TCP Head-of-Line Blocking in HTTP/2
For HTTP/1.1, the resource-loading process is quite simple, because each file is given its own TCP connection and downloaded in full. For example, if we have files A, B, and C, we would have three TCP connections. The first would see a byte stream of AAAA, the second BBBB, the third CCCC (with each letter repetition being a TCP packet). This works but is also very inefficient because each new connection has some overhead.
In practice, browsers impose limits on how many concurrent connections may be used (and thus how many files may be downloaded in parallel) — typically, between 6 and 30 per page load. Connections are then reused to download a new file once the previous has fully transferred. These limits eventually started to hinder web performance on modern pages, which often load many more than 30 resources.
Improving this situation was one of the main goals for HTTP/2. The protocol does this by no longer opening a new TCP connection for each file, but instead downloading the different resources over a single TCP connection. This is achieved by “multiplexing” the different byte streams. That’s a fancy way of saying that we mix data of the different files when transporting it. For our three example files, we would get a single TCP connection, and the incoming data might look like AABBCCAABBCC (although many other ordering schemes are possible). This seems simple enough and indeed works quite well, making HTTP/2 typically just as fast or a bit faster than HTTP/1.1, but with much less overhead.

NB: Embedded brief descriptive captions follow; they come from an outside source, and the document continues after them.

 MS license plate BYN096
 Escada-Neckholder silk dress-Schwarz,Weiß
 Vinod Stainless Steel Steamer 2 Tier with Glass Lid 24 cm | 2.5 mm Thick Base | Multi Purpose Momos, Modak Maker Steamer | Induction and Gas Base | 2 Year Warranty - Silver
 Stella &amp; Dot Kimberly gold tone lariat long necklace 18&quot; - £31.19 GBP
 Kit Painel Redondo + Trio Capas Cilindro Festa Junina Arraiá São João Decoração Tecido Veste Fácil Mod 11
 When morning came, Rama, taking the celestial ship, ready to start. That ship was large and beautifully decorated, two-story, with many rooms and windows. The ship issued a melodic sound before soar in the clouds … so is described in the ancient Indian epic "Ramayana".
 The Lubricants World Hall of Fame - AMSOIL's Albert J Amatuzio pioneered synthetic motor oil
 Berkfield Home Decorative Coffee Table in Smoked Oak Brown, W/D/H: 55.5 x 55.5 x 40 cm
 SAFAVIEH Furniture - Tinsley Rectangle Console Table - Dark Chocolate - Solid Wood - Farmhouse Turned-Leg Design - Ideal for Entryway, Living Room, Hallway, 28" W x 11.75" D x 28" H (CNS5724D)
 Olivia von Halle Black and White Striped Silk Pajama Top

take a closer look at the difference:
HTTP/1 versus HTTP/2 and HTTP/3 multiplexing HTTP/1.1 does not allow multiplexing, unlike both HTTP/2 and HTTP/3. (Large preview) However, there is a problem on the TCP side. You see, because TCP is a much older protocol and not made for just loading web pages, it doesn’t know about A, B, or C. Internally, TCP thinks it’s transporting just a single file, X, and it doesn’t care that what it views as XXXXXXXXXXXX is actually AABBCCAABBCC at the HTTP level. In most situations, this doesn’t matter (and it actually makes TCP quite flexible!), but that changes when there is, for example, packet loss on the network.

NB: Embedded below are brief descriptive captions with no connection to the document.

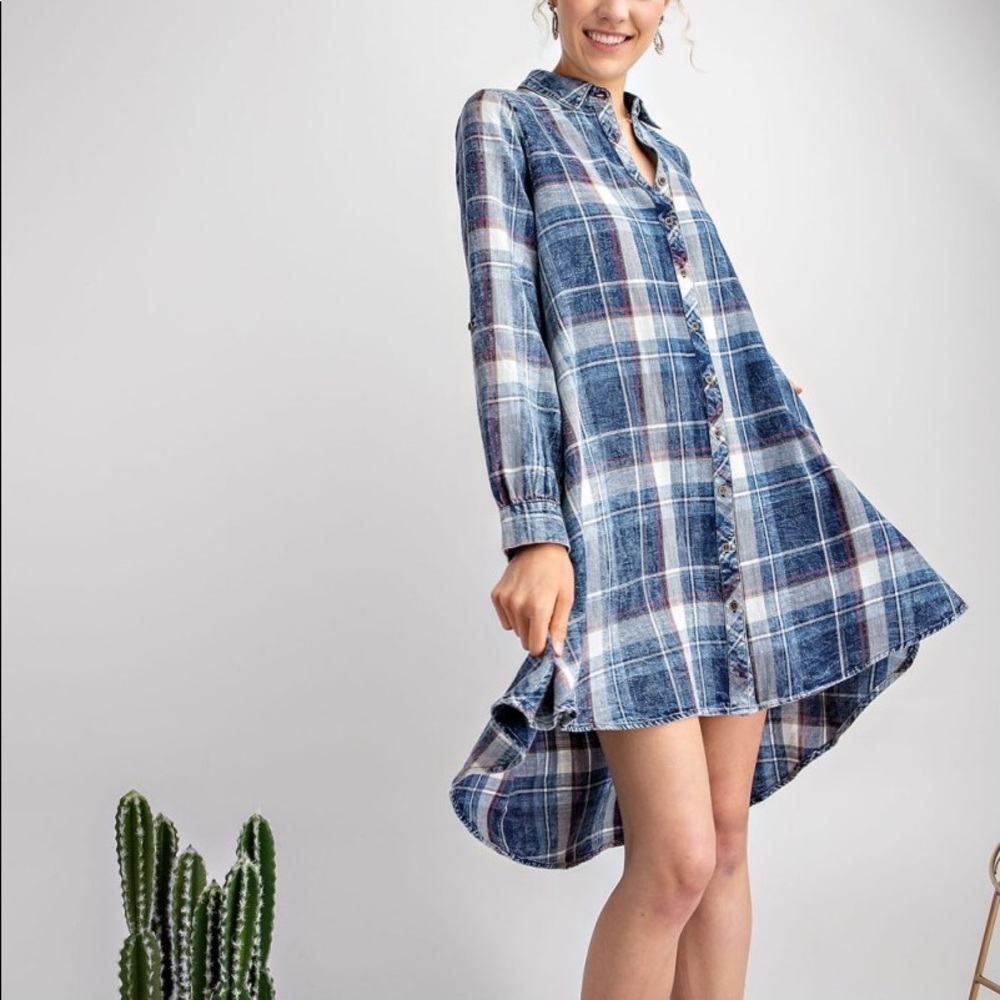 Easel cotton button down shirt dress plaid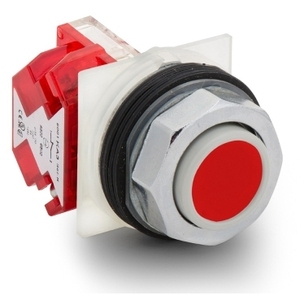 Pulsante a pressione in metallo SCHNEIDER ELECTRIC Harmony 9001K, 30mm, rosso, a ritorno a molla, 1 NC, modello 9001KR3RH6 - Product Image 1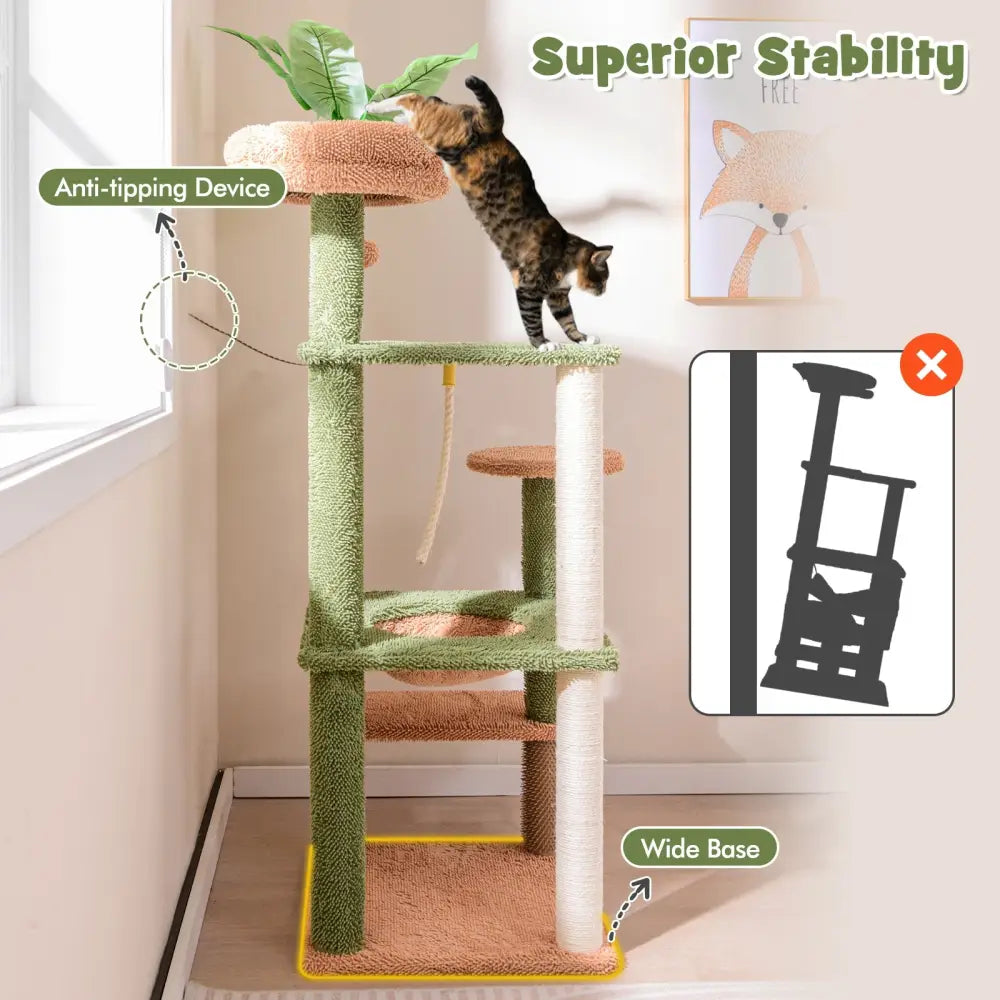 Multilevel Cat Tree with Scratching Posts and Rope Plush Perch Toy Bed-Green - Green - Cat Trees Condos & Scratchers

Suppose the third TCP packet is lost (the one containing the first data for file B), but all of the other data are delivered. TCP deals with this loss by retransmitting a new copy of the lost data in a new packet. This retransmission can, however, take a while to arrive (at least one RTT). You might think that’s not a big problem, as we see there is no loss for resources A and C. As such, we can start processing them while waiting for the missing data for B, right?

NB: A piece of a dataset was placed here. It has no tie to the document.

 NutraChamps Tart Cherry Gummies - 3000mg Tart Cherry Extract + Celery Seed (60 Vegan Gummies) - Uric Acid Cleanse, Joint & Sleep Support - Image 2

Sadly, that’s not the case, because the retransmission logic happens at the TCP layer, and TCP does not know about A, B, and C! TCP instead thinks that a part of the single X file has been lost, and thus it feels it has to keep the rest of X’s data from being processed until the hole is filled. Put differently, while at the HTTP/2 level, we know that we could already process A and C, TCP does not know this, causing things to be slower than they potentially could be. This inefficiency is an example of the “head-of-line (HoL) blocking” problem.